CHICAGO—Investigators are now enrolling patients for a phase III trial, KEYNOTE-716, to assess the efficacy and safety of adjuvant pembrolizumab in adult and pediatric patients with surgically resected high-risk stage II melanoma. The study design was presented (abstract TPS9596) during a poster session at the 2019 American Society of Clinical Oncology (ASCO) Annual Meeting, held May 31–June 4 in Chicago.
“Patients with localized stage I/II melanoma are typically treated surgically. However, disease recurrence after surgery is common, and adjuvant treatment options that can safely lower the risk for distant recurrence in patients with stage II melanoma are lacking,” wrote the authors led by Matteo S. Carlino, BMedSc, MBBS, of the Melanoma Institute Australia at the University of Sydney.
In the KEYNOTE-054 trial, the immunotherapy pembrolizumab as adjuvant therapy has yielded significantly longer recurrence-free survival compared with placebo in patients with stage III melanoma (75.4% vs 61.0%, respectively). Based upon these promising results, the investigators initiated KEYNOTE-716, a two-part (adjuvant and rechallenge/crossover), randomized, double-blind, placebo-controlled, phase III study. Patients are currently being enrolled in Australia, Belgium, Brazil, Canada, Chile, France, Israel, Poland, Spain, Switzerland, the United Kingdom, and the United States.
Eligible patients are ≥ 12 years of age with newly diagnosed, completely resected stage IIB/IIC cutaneous melanoma. Exclusion criteria include mucosal, ocular, or uveal melanoma or prior treatment for melanoma (except for resection of the primary disease) within 12 weeks of initiating the study treatment. The investigators are seeking approximately 954 patients. The primary endpoint is recurrence-free survival. The secondary endpoints are distant metastasis–free survival, overall survival, and safety and tolerability.
In the first (blinded) part of the study, patients will be randomized to receive pembrolizumab (200 mg for patients ≥ 18 years or 2 mg/kg for patients ≥ 12 years to < 18 years with a maximum dose of 200 mg) or placebo every 3 weeks for 17 cycles. Blood and tumor tissue will be collected for assessment of biomarker expression, and stool samples will be collected for microbiome biomarker analysis.

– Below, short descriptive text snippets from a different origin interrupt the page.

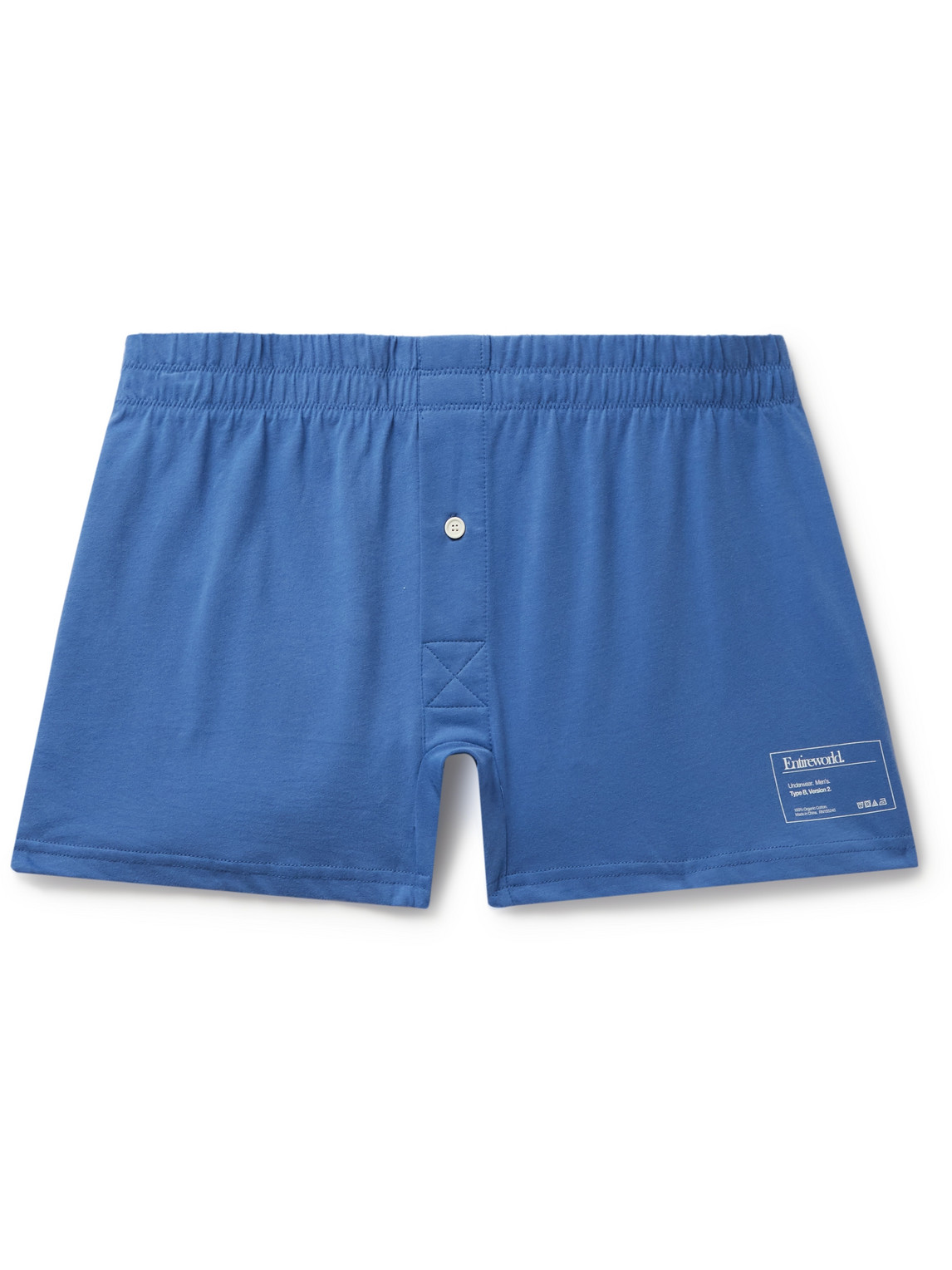 Entireworld Type B Version 2 Slim-fit Organic Cotton-jersey Boxer Shorts In Blue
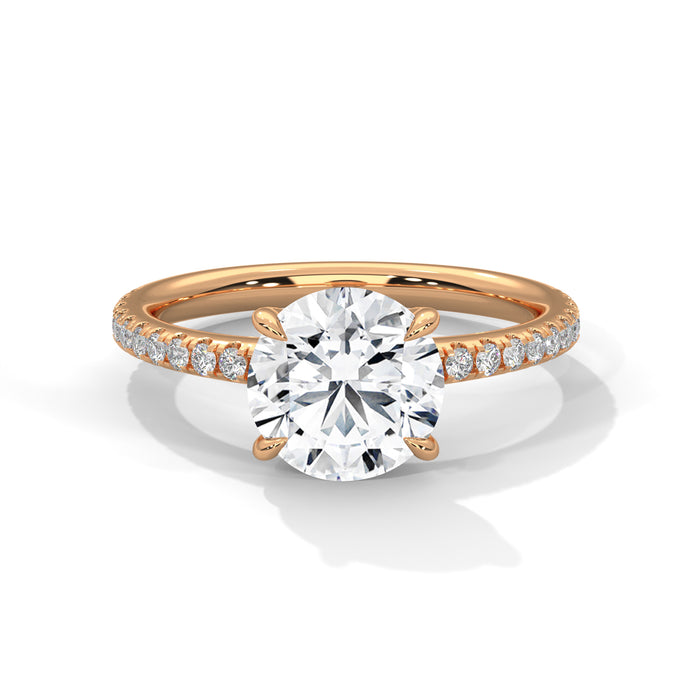 14K White Gold 2.0 CT Round Lab Grown Diamond Solitaire Pave Engagement Ring rose gold video
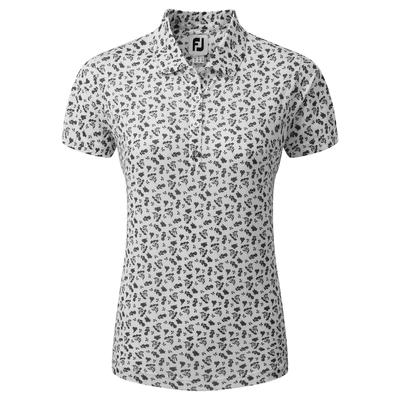 FootJoy Ladies Floral Print Lisle Golf Polo Shirt - White/Black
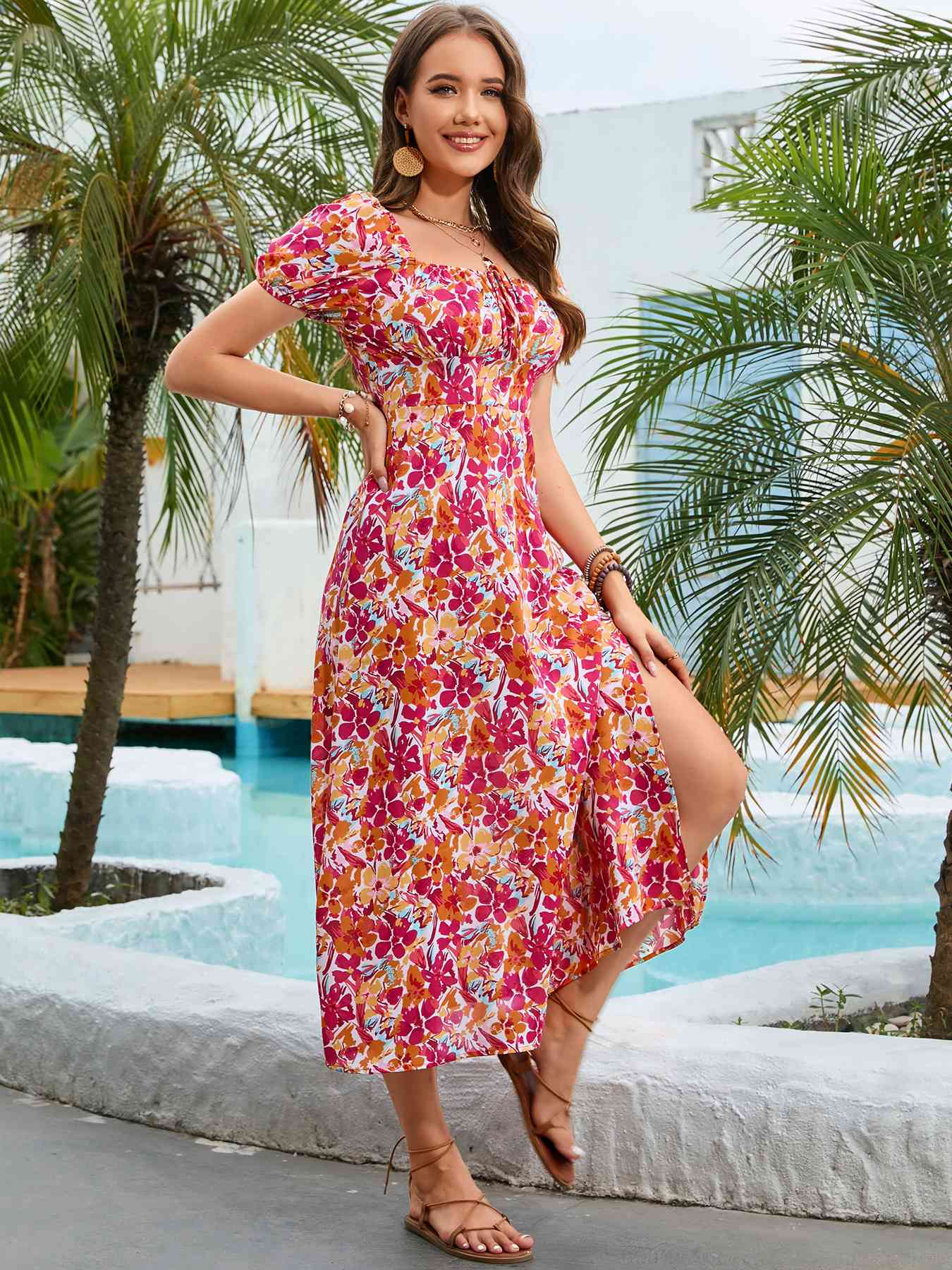 Floral Square Neck Short Sleeve Midi Dress -BazaarBey - www.shopbazaarbey.com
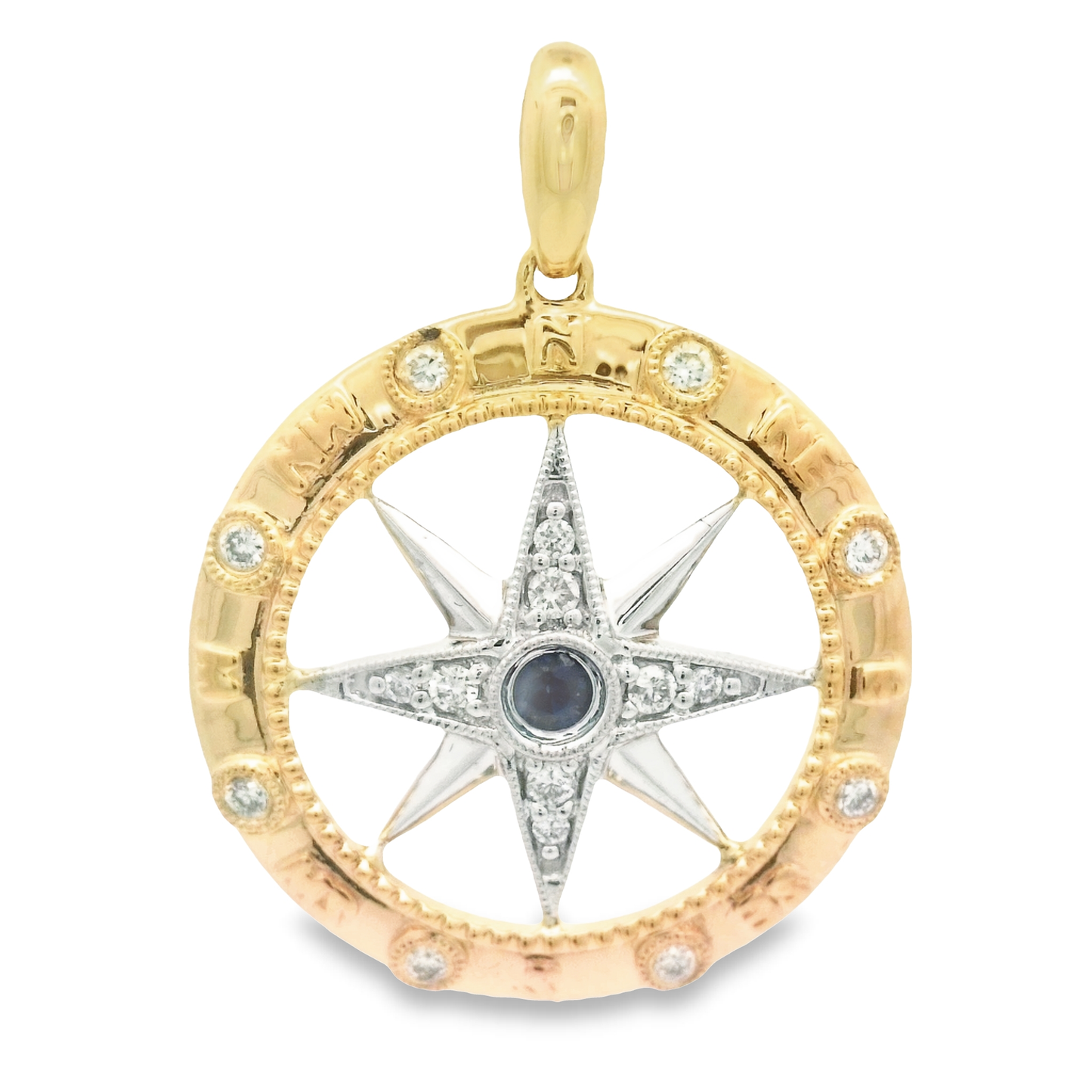 14k 2-Tone .13cttw Diamond And .06ct Sapphire Medium Compass Rose Pendant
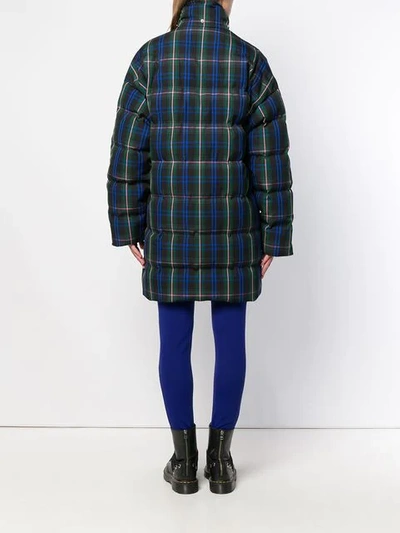 Shop Msgm Plaid Quilted Coat In Green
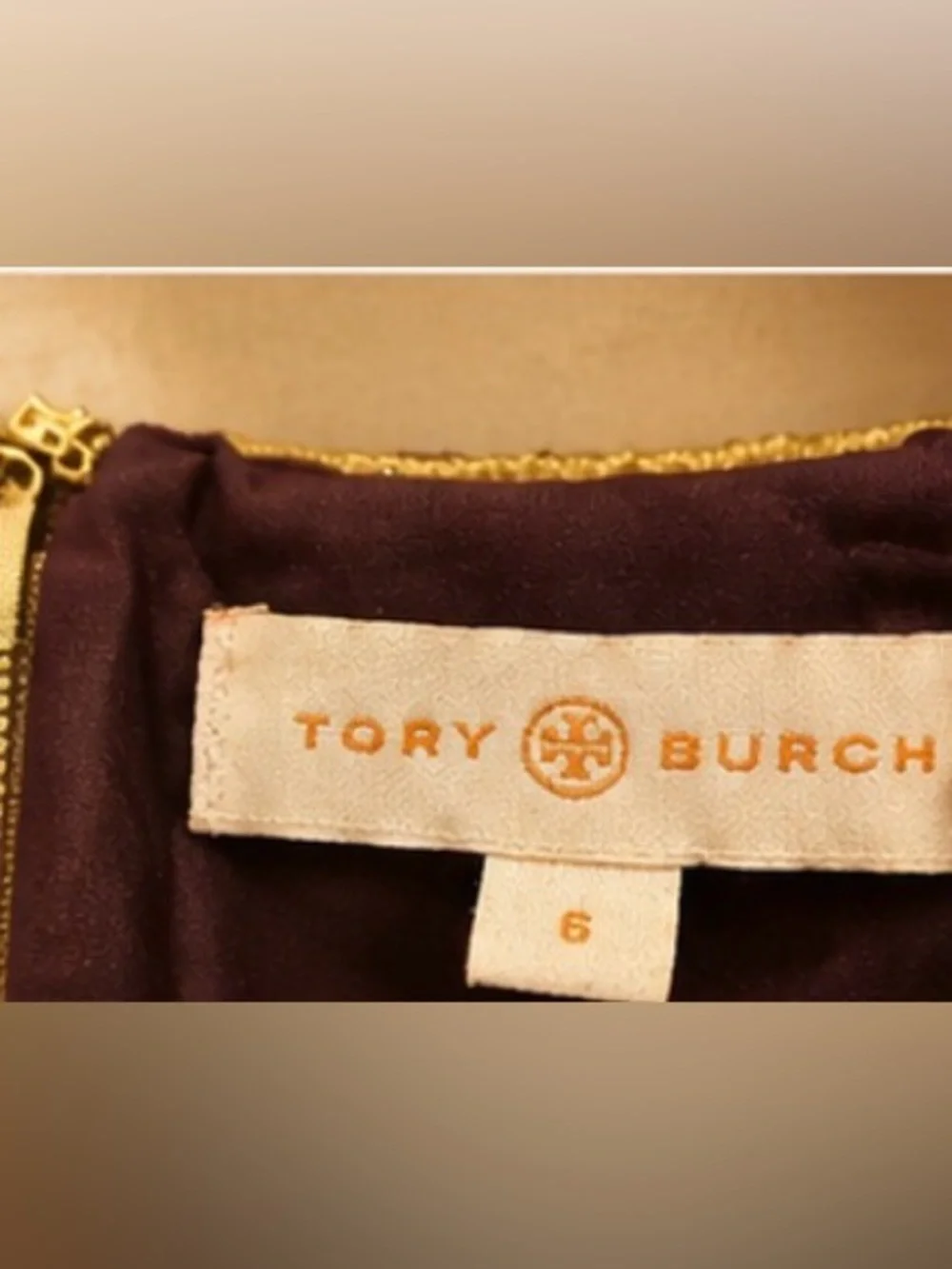 TORY BURCH GOLD BEADED EMBROIDERED PEPLUM TOP – SIZE 6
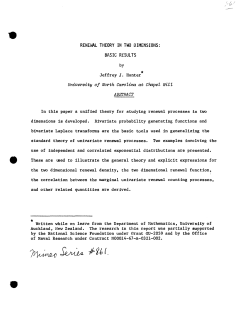 Hunter, J.J.;Renewal theory in two dimensions: basic results."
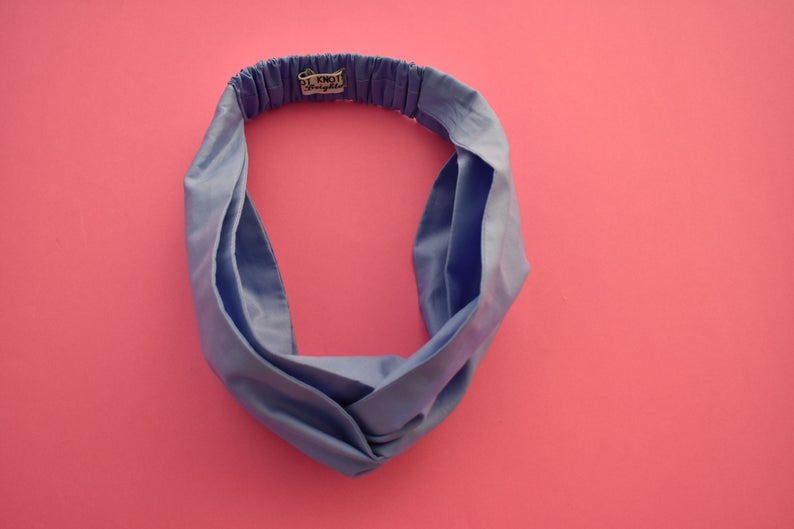 Ladies Twisted Turban Headband - Liberty of London Periwinkle Blue - Tot Knots of Brighton
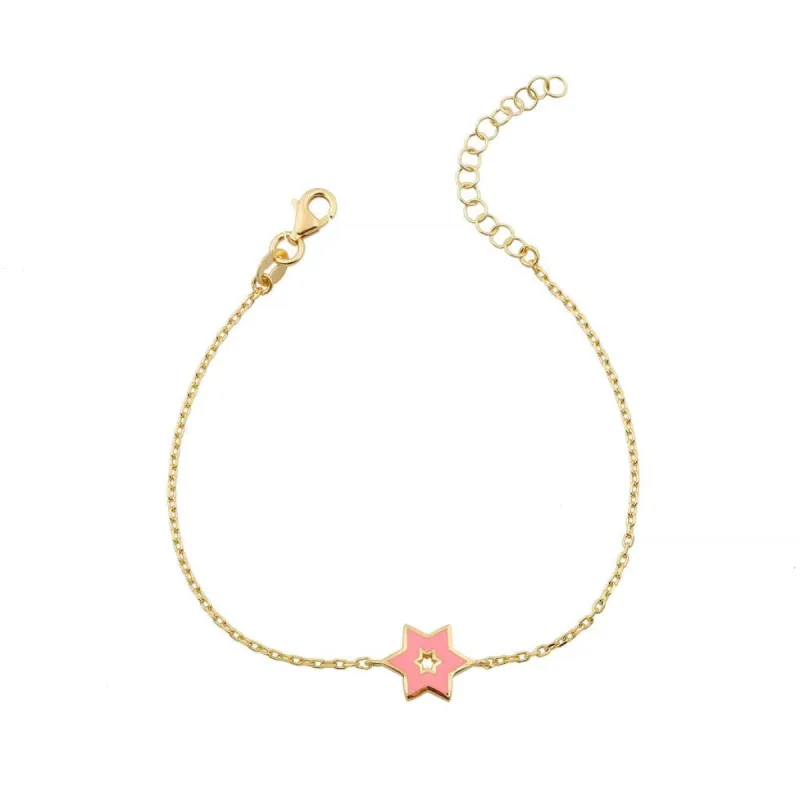 Gold Plated and Pink Enamel Jewish Star of David Bracelet sold by Meira T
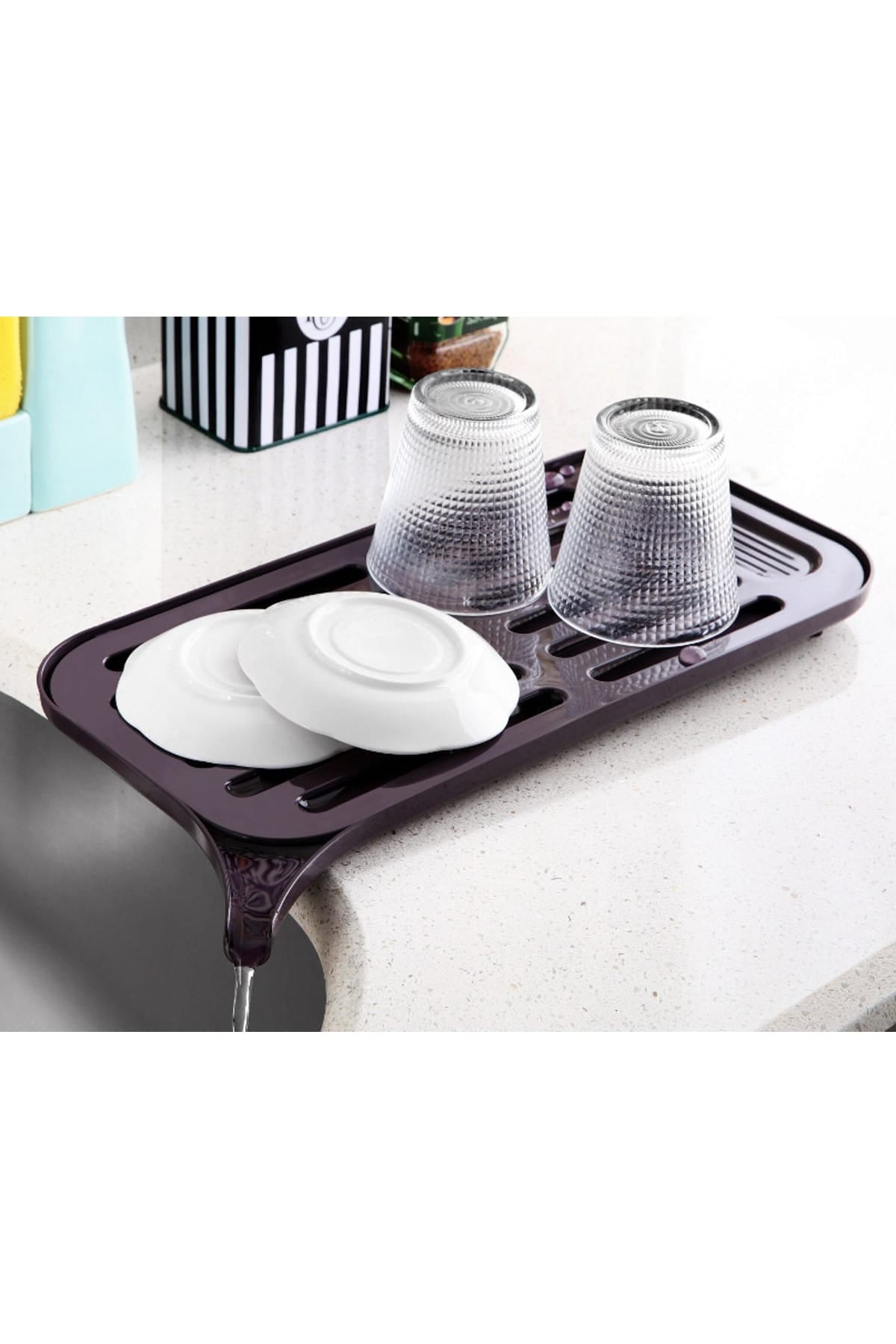 Washbasin Edge Dish Drying Rack With Water Drain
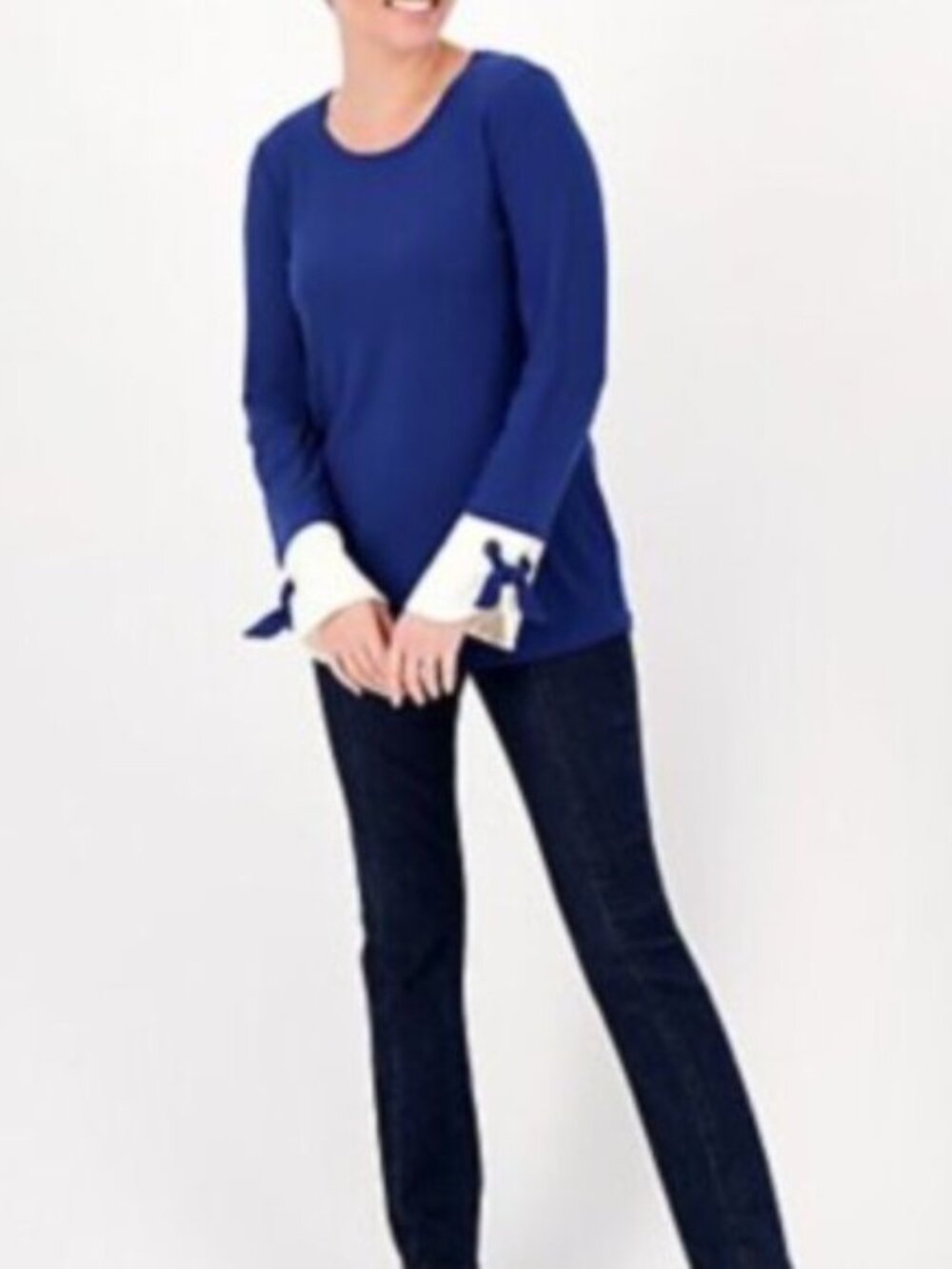 Susan Graver liquid knit long sleeve top shirt Large soft pullover luxury style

The study treatment will begin no more than 12 weeks after complete resection. During treatment, tumor imaging will be performed every 24 weeks; after treatment, it will be performed every 6 months for the first 3 years and then yearly (for up to 2 years) or until recurrence. Safety will be assessed in all patients who receive at least one treatment. Adverse events will be recorded for 30 additional days after the end of treatment and 90 days for serious adverse events.
In the second (unblinded) phase, patients with confirmed recurrence who had received pembrolizumab will be rechallenged with pembrolizumab as in the first part of the study; patients who had received placebo will be crossed over to pembrolizumab. An additional 17 or 35 cycles of treatment will be given for resected recurrence (local or distant), respectively. Tumor imaging will be performed every 12 weeks during additional treatment.